_WHAT THE EXERCISE ASKS_:
Only a number is expected: how many lines in the data below contain the word "gray".

_DATASET EXTRACT_:
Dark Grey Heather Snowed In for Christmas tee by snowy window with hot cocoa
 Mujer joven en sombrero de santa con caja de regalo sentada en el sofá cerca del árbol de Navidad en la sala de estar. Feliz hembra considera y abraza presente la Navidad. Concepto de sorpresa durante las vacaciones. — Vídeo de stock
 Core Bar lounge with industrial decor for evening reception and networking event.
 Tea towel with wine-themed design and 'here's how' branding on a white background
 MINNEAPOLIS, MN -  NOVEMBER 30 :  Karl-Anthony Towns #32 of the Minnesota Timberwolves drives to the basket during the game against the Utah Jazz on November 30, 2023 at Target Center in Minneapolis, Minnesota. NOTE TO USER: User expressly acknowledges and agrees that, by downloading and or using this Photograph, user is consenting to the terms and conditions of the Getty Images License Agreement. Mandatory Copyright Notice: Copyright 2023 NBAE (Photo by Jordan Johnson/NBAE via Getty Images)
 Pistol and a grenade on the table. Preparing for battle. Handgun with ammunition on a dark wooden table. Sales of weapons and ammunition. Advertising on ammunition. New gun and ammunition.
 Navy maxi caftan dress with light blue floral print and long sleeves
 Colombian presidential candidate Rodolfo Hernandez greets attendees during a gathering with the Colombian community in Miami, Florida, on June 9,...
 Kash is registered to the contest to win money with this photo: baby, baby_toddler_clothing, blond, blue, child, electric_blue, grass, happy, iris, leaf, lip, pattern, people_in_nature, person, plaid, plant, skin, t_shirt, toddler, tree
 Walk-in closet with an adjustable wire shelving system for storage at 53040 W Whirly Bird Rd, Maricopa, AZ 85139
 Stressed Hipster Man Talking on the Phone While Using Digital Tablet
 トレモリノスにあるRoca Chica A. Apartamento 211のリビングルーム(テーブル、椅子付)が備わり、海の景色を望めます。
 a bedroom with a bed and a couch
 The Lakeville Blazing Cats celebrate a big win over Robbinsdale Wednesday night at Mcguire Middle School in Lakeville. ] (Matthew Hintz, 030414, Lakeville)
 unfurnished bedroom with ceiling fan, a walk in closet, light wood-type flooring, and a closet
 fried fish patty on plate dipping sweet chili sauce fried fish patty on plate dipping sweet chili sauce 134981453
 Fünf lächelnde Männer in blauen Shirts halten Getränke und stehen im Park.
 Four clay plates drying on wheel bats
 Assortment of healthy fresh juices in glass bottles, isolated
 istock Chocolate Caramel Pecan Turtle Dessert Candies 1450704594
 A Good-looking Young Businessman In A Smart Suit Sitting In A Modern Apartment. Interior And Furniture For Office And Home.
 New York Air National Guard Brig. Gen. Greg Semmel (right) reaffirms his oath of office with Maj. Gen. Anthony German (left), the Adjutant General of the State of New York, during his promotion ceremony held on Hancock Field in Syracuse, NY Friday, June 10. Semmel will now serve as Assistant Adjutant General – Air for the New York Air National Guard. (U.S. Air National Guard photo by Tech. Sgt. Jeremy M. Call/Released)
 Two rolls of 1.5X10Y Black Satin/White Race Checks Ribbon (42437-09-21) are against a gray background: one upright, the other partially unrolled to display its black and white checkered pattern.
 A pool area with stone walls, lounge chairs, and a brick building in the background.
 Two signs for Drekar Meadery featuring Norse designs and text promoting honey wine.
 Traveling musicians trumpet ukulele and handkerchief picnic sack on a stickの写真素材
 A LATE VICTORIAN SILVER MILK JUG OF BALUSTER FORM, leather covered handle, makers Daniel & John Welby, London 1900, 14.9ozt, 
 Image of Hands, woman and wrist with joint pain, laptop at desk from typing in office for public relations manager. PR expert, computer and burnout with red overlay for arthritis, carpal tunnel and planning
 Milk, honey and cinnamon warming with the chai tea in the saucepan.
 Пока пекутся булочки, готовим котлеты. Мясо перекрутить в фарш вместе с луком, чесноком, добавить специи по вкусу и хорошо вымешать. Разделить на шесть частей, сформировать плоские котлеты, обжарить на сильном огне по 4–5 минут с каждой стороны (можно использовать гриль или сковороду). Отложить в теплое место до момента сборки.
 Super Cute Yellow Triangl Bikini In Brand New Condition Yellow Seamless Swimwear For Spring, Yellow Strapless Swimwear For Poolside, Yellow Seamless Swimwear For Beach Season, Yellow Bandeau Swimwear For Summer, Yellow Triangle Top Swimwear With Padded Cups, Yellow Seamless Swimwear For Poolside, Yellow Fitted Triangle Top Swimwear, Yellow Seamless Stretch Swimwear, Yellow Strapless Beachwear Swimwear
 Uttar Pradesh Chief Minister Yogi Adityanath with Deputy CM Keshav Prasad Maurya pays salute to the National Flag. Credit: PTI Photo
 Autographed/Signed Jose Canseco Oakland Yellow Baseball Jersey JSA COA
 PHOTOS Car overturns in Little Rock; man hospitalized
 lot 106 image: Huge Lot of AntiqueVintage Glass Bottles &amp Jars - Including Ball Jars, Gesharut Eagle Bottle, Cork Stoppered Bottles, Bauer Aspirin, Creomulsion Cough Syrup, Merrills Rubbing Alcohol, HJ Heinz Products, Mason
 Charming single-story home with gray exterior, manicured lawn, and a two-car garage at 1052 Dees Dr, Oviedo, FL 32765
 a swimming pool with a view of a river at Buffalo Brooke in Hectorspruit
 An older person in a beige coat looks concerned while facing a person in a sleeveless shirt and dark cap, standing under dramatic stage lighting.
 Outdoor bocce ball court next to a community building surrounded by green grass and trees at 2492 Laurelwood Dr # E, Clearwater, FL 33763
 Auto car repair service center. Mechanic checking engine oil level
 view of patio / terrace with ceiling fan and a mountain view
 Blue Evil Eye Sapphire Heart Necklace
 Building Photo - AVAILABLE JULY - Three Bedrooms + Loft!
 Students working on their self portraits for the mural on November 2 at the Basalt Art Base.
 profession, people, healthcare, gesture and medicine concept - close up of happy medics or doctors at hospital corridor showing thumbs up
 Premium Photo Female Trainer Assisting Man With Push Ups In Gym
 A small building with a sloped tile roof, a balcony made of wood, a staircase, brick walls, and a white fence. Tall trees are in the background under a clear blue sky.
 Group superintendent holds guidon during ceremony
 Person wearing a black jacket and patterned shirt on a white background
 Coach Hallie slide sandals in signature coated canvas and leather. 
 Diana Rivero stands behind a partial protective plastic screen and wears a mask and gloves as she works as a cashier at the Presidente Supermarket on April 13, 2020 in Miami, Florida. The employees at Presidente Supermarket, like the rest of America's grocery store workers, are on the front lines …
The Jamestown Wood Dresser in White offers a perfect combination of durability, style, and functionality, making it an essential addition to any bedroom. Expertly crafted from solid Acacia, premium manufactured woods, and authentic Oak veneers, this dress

_RESULT BELOW_:
2